▶ [Task requirements] Exclude the pictures, then restate every entry below exactly.

━━━━━━

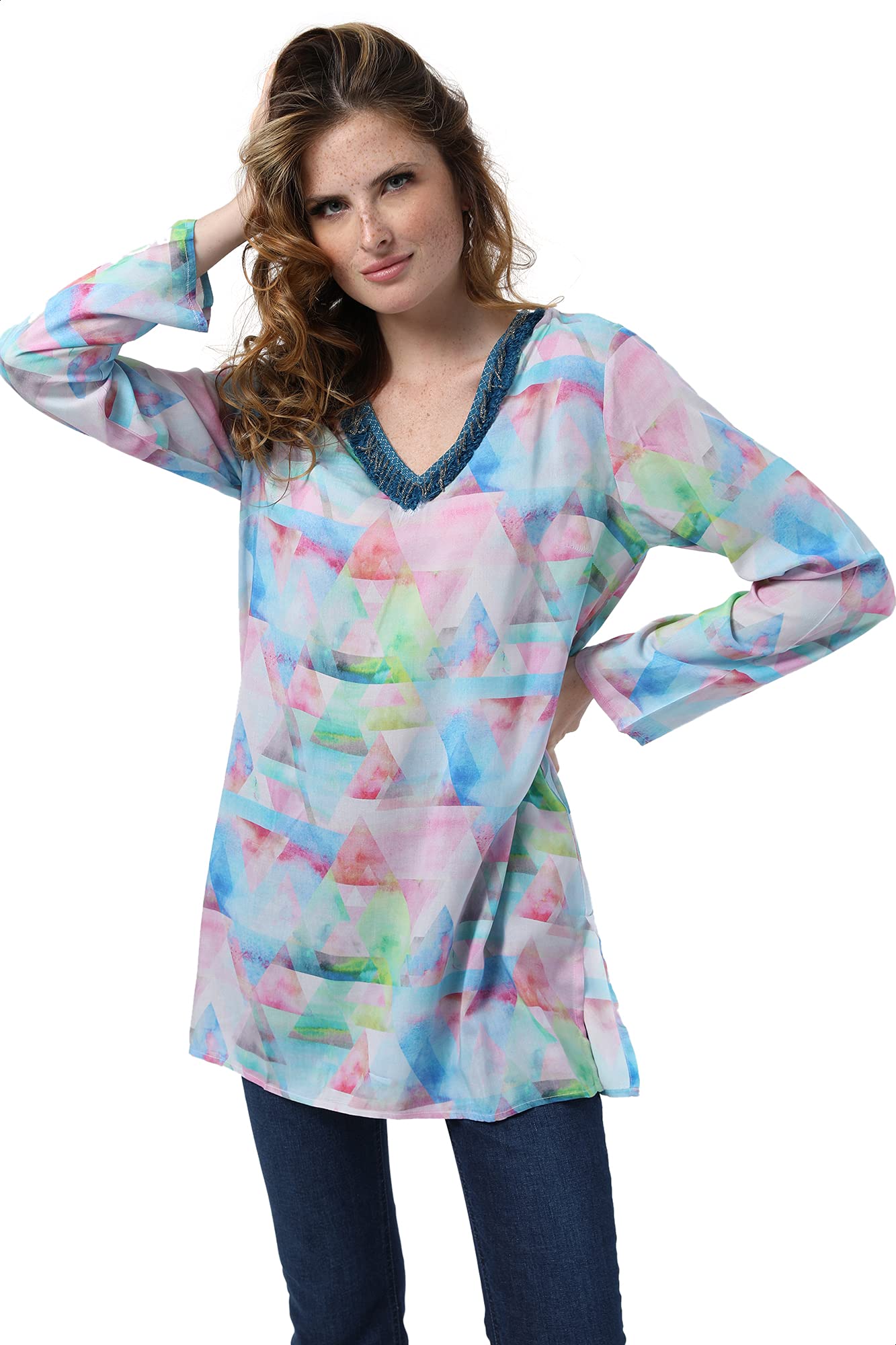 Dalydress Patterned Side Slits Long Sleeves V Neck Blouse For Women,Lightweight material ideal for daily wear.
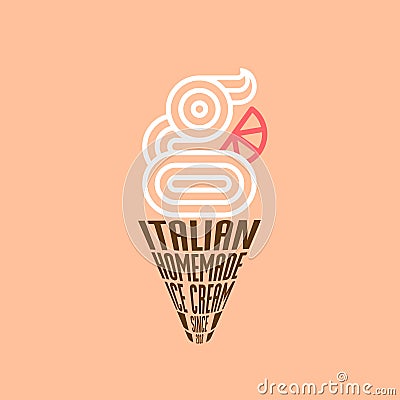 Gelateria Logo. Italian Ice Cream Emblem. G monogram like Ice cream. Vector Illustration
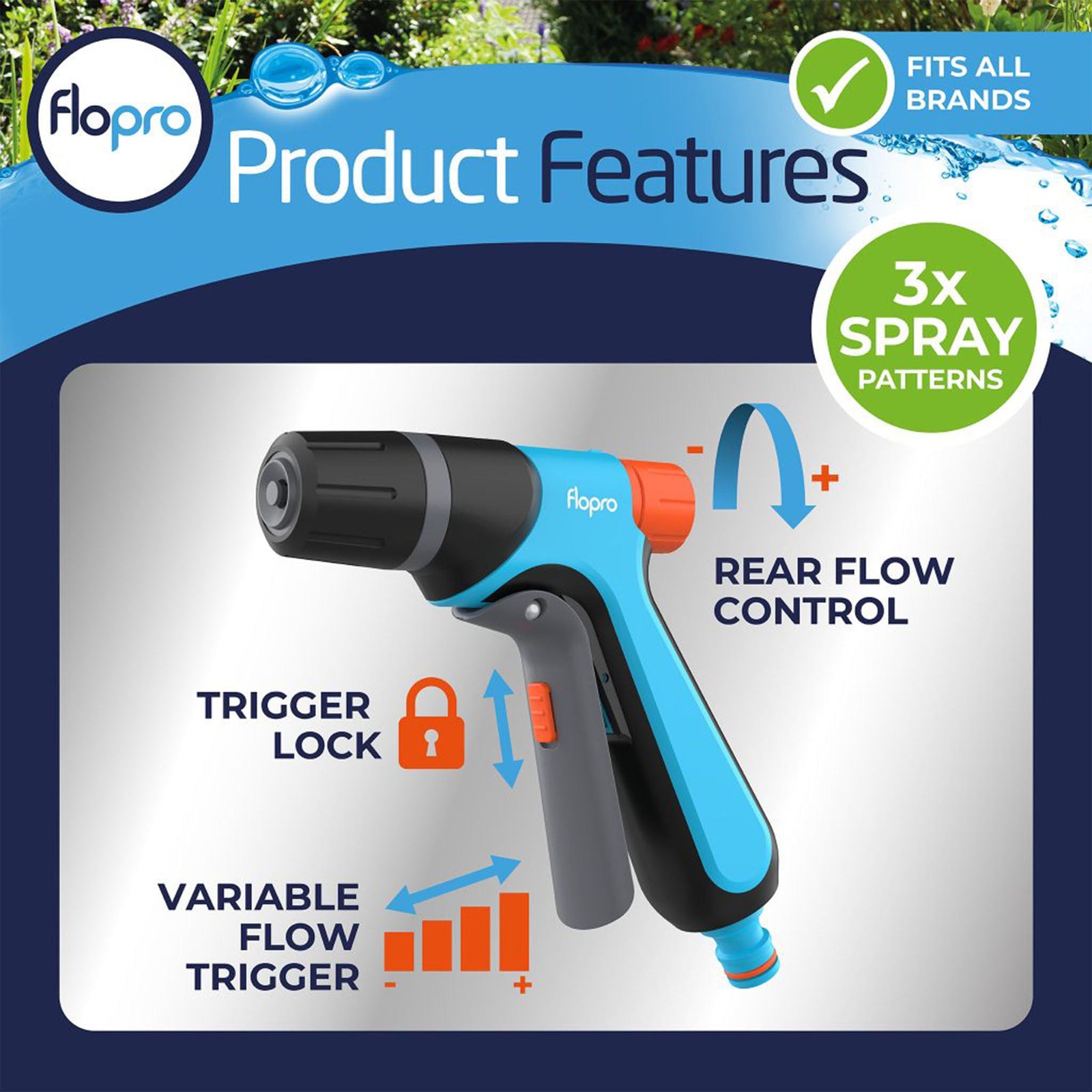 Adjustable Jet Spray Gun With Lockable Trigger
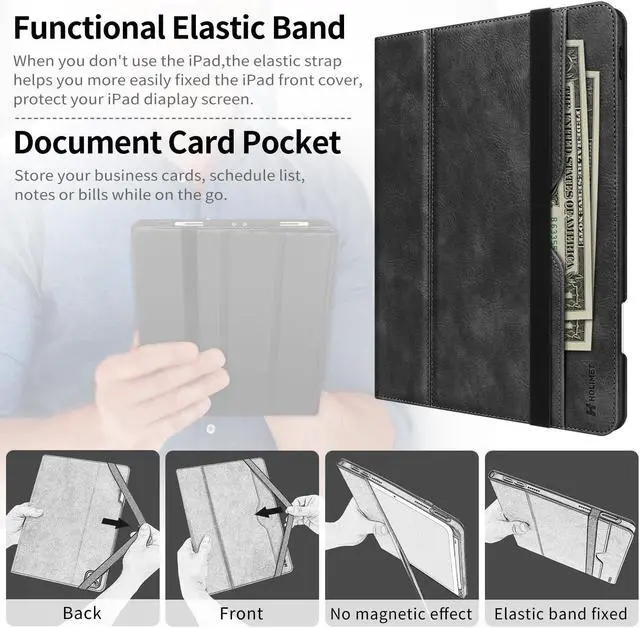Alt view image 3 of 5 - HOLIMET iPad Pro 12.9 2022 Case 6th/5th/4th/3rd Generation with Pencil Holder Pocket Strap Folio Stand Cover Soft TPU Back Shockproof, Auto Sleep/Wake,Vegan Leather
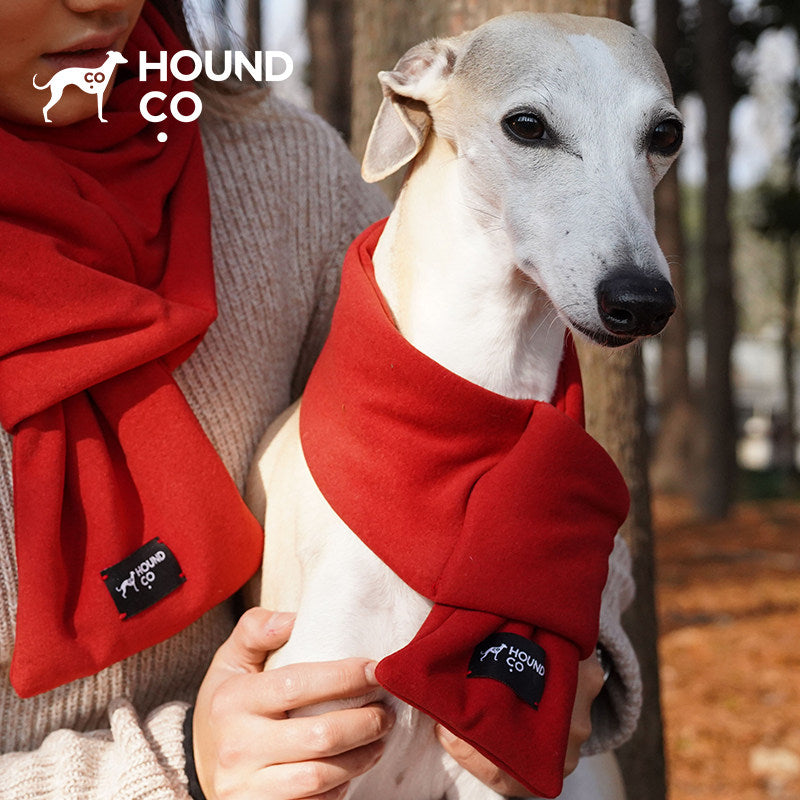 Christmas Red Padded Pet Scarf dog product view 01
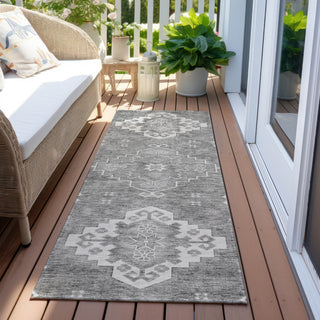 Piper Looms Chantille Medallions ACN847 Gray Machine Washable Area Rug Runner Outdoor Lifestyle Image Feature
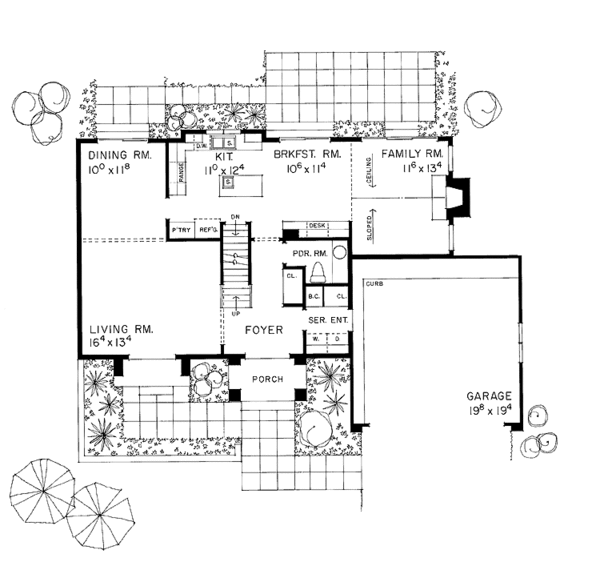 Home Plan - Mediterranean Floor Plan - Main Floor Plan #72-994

━━━━━━

▶ [Task answer]
 Dalydress Patterned Side Slits Long Sleeves V Neck Blouse For Women,Lightweight material ideal for daily wear.
 Gelateria Logo. Italian Ice Cream Emblem. G monogram like Ice cream. Vector Illustration
 Adjustable Jet Spray Gun With Lockable Trigger
Alt view image 3 of 5 - HOLIMET iPad Pro 12.9 2022 Case 6th/5th/4th/3rd Generation with Pencil Holder Pocket Strap Folio Stand Cover Soft TPU Back Shockproof, Auto Sleep/Wake,Vegan Leather
 Christmas Red Padded Pet Scarf dog product view 01
 Piper Looms Chantille Medallions ACN847 Gray Machine Washable Area Rug Runner Outdoor Lifestyle Image Feature
 Home Plan - Mediterranean Floor Plan - Main Floor Plan #72-994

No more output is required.